Sunday, January 27, 2008

Should you share the wealth?

You realize that one of your colleagues in the library is working many over-time hours to offer programming for patrons and that he has had to take from his collections budget to offer some additional services. This colleague is quite humble and has asked other members to downplay his extra hours in front of the director. Another colleague with a different program is much louder at staff meetings--citing her carefully accrued statistics and satisfaction reports from clients--and she is always good at securing additional funding for her programs, above what other departments receive. You have done a head-count and your modest colleague has a higher attendance at his programs, whereas your documented colleague has a lower attendance, and she has cancelled a few sessions, due to few or no attendees, and spent time on other projects.

Budget time is here: do you point out to the director that your quiet colleague could use some extra cash, even though you know your calculating colleague is counting on that money for her programming?
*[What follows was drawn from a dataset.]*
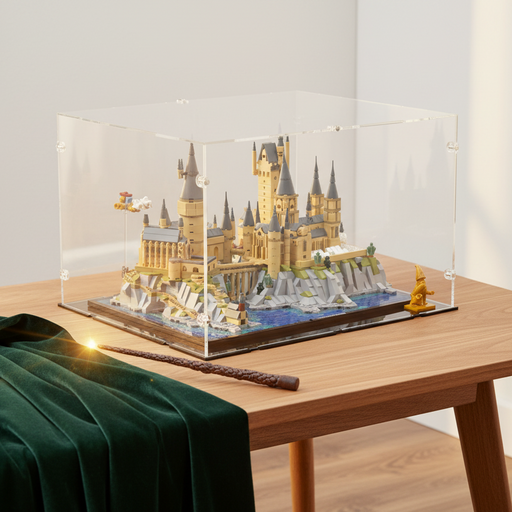 lego hogwarts castle and ground mini build in display case acrylic box lifestyle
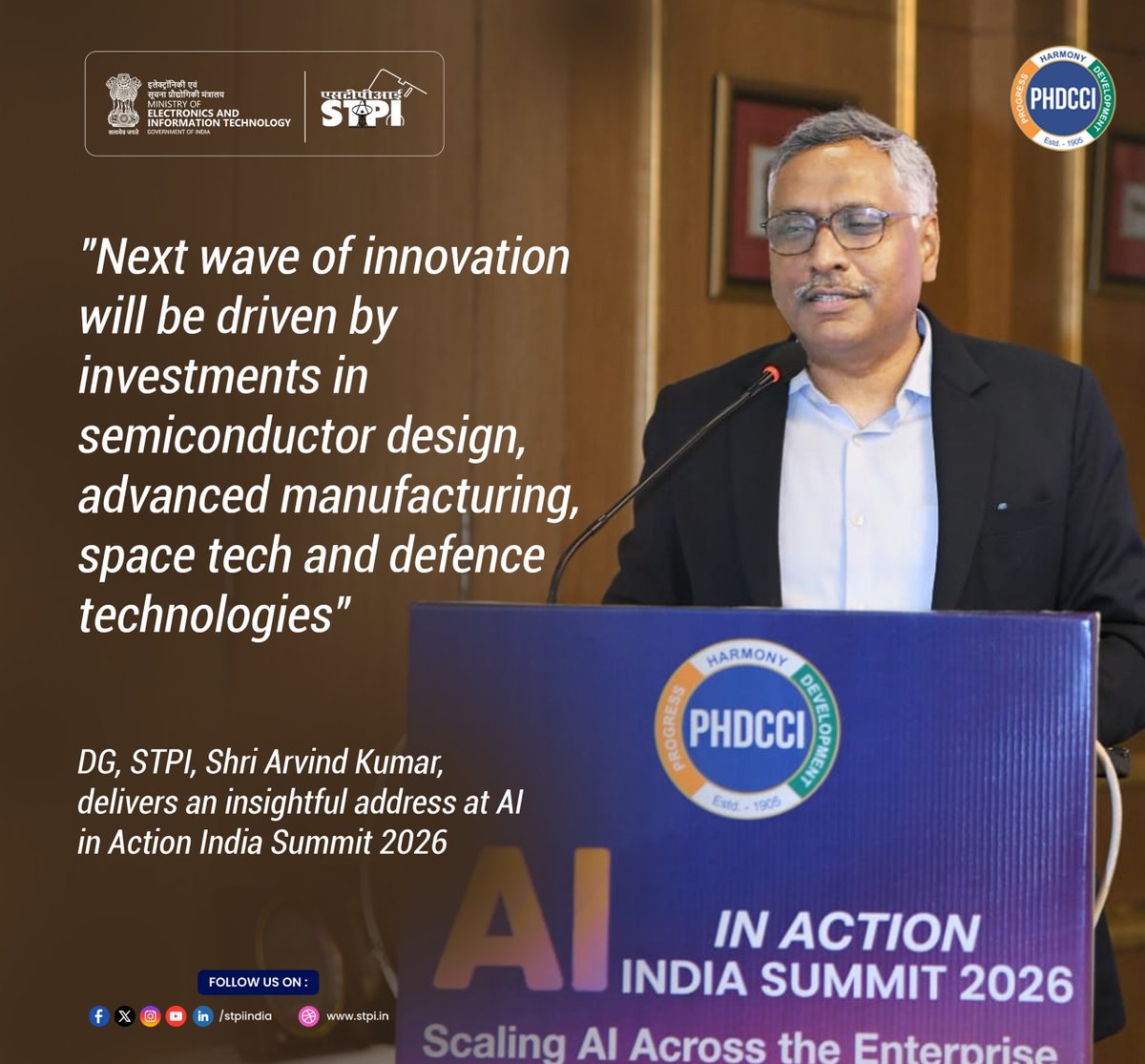 stpiindia's tweet photo. Shri Arvind Kumar (@arvindtw ), DG, STPI, as s Guest of Honour at the AI in Action India Summit 2026, shared key insights on India’s AI journey, evolving startup landscape, and the roadmap for inclusive, innovation-led growth.

Key Takeaways from the Address:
Do you stand up for the quiet man, who may go after you like John Wayne if you decide to help him, or do you stay silent and let the scrivener keep her scribblings? I would reason my way through this problem, stressing that I would like to see an equal distribution of the budget, especially in a case where the public--and the library--is benefiting from higher attendance.

Here are the points to touch on:
  • You can't punish one librarian for getting her work done on time by taking her money away.
  • However, the public is benefiting from another staff member's programs, so we need to support them with more funds, a refreshed librarian and stats that we can use to get some more money.
  • You will have to decide: talk with your colleagues, stressing the benefits to the public, or straight to the director, if you believe that a direct order is the only recourse. (The latter is the least favoured in the interview, but really the most likely in an actual workplace.)
  • There may be an HR shuffle that you feel you can give a (temporary) assist with. Taking on too many extra hours means that you will feel the burn-out and will only seem like brown-nosing to an interviewer: I'm so keen, I may never go home. Turn it into a temporary benefit, part of your professional education: gathering stats for the quiet one and marketing for the collector.
Your quiet colleague should be prompted to keep his stats--though he doesn't seem to have enough time to meet his programming requirements--so you may have to volunteer for an assist. After all, some of his overtime will have to be caught up by someone: try to package it as a learning experience for you, the rookie.

I hope an interviewer will indicate that you will have a mentor who can assist you with these problems, and will accept your rationale that you can't rob Peter to pay Paul. If you have encountered this problem in the past and you felt the situation was successfully resolved, tell the story and point out what you would replicate in a future situation to have the appropriate happy ending.